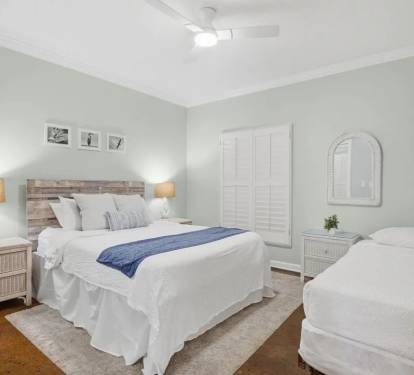 This room is being re-decorated into a double Queen Bedroom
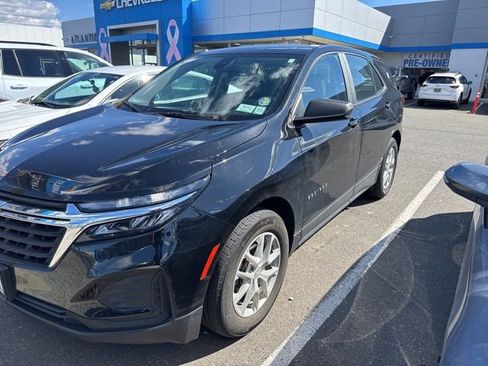 Certified 2023 Chevrolet Equinox LS w/ Driver Confidence II Package image 2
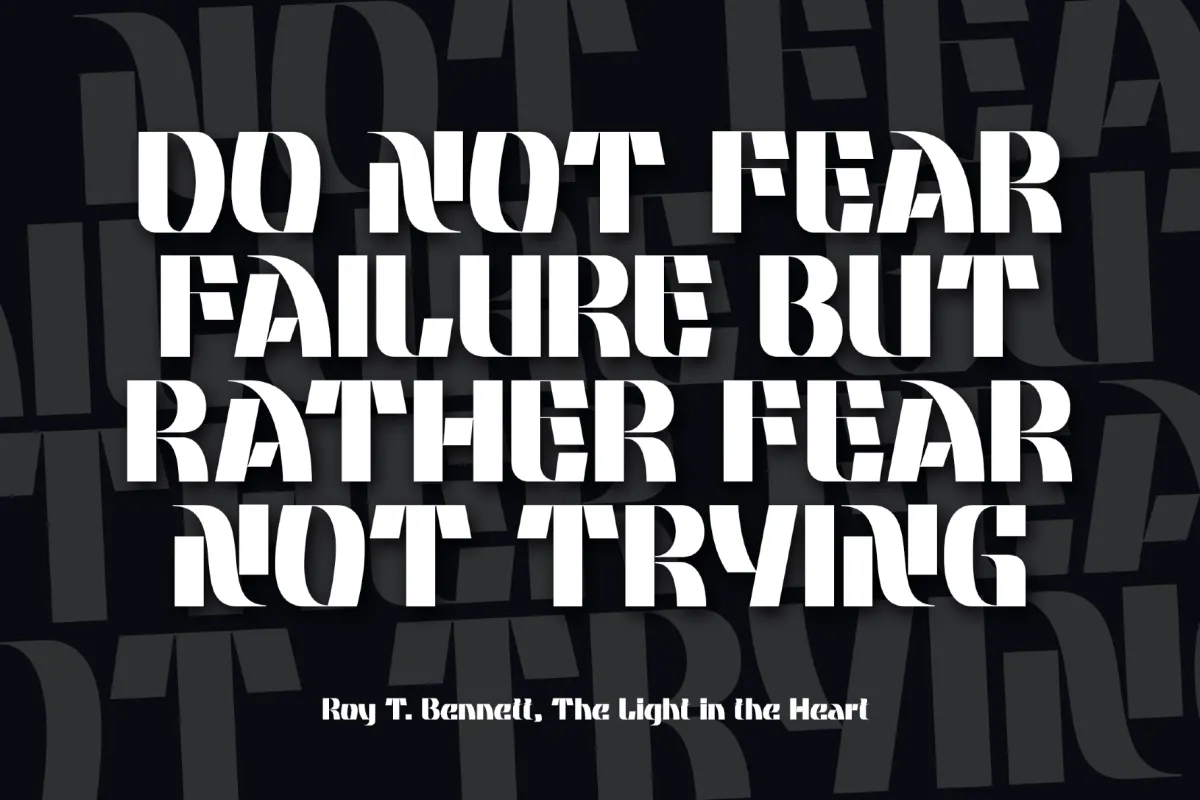 Noyr - Modern Bold Display Typeface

Work instruction: Reproduce the whole listing exactly, but not the images in it.

Task result:
 This room is being re-decorated into a double Queen Bedroom
 Certified 2023 Chevrolet Equinox LS w/ Driver Confidence II Package image 2
 Noyr - Modern Bold Display Typeface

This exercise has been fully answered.